Any recipes that are tried and true, from yall?


----------



## Mad Trapper

root cellar Debbo, no light, paper grocery bags work great, in plastic they will rot

Even a regular cellar away from furnace/rodents, will last till spring.

When they sprout, plant them!


----------



## Deebo

I have a crawl space, and was thinking of putting some in. I thought if packed in sawdust or sand, they wouldn't sprout?
I appreciate the no plastic, cause I was thinking totes.


----------



## Mad Trapper

Deebo said:


> I have a crawl space, and was thinking of putting some in. I thought if packed in sawdust or sand, they wouldn't sprout?
> I appreciate the no plastic, cause I was thinking totes.


Got to keep rodents out. Temperature above freezing. NOOOOO light, they turn green/poisonous.

Plastic totes would work if they can breathe and mice can't get in., FOOD GRADE? Don't layer too many, and remove any rotters ASAP. Sawdust/sand NO! That's for carrots, they live fine like that, in sand overwinter.


----------



## paraquack

My mom did the usual root cellar storage + canning. But She basically under cooked or par boiled the potatoes first to stop all cellular action.


----------



## Mad Trapper

Canning sucks as you process > 90 minuutes


----------



## Deebo

Mad Trapper said:


> Canning sucks as you process > 90 minuutes


It does, but It KEEPS THE WIFE happy, and that is priceless.


----------



## Slippy

Deebs,

What about making some Potato Soup (Potatos, Bacon, Onion, Garlic, Chicken Stock, Salt/Pepper) and Pressure Can the soup into individual jars?


----------



## Smitty901

Whole canned small potatoes are so darn good to eat.


----------



## hawgrider

Smitty901 said:


> Whole canned small potatoes are so darn good to eat.


Whole or sliced tin can tators yum!


----------



## paulag1955

Smitty901 said:


> Whole canned small potatoes are so darn good to eat.


I love them sliced and fried. My mom used to make them when we went camping every summer.


----------



## Deebo

Def look into making potato and bacon soup. 
MMMM


----------



## bigwheel

hawgrider said:


> Whole or sliced tin can tators yum!


I've spent and hour trying to figure out what in the heck these folks were talking about. Started out trying to think of how to help on canned instant tater flakes and would up in the root cellar with Mr Green Jeans. Yall are crazy.


----------



## hawgrider

bigwheel said:


> I've spent and hour trying to figure out what in the heck these folks were talking about. Started out trying to think of how to help on canned instant tater flakes and would up in the root cellar with Mr Green Jeans. Yall are crazy.

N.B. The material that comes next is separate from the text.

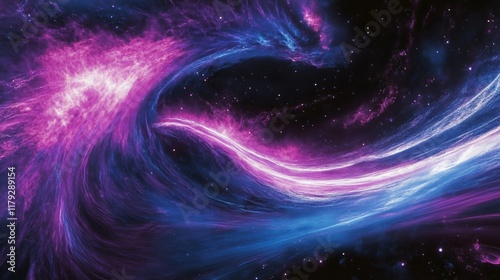 Comet-like neon lines and vortex streams against a dark background.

:vs_lol: Heard that. Are we canning tators or are stocking canned tators? I hear canned tators and I'm thinking those delicious sliced or whole treats that come in a tin can. Add some corned beef hash and an egg and now we talking some dandy vittles right there!


----------



## bigwheel

My wifes Granny made excellent canned poatoes with green pinto bean snaps. it was mighty yummy. Since Deebo is canning the tates seperates he could prob go ahead and can the green beans separate. That should work. 
https://www.loavesanddishes.net/southern-green-beans-and-new-potatoes/


----------



## Mad Trapper

I've got a bunch in the root cellar.

I do one pot boiled dinners (besides the meat): cabbage or brocolli, taters, and carrots

I put extra taters in and remove them when al dente. Those go into a big mix with onions garlic spices olive oil for home fries. Make enough for 4-5 days.


----------



## bigwheel

As a horribly back slid old raw vegan at heart..tates are healthy when eaten raw. Cooking turns them into pure starchy carbs like wall paper paste. Can get the innards plugged up. Just keep em in the root cellar forget the canning thing. There ya go.


----------



## Mad Trapper

bigwheel said:


> As a horribly back slid old raw vegan at heart..tates are healthy when eaten raw. Cooking turns them into pure starchy carbs like wall paper paste. Can get the innards plugged up. Just keep em in the root cellar forget the canning thing. There ya go.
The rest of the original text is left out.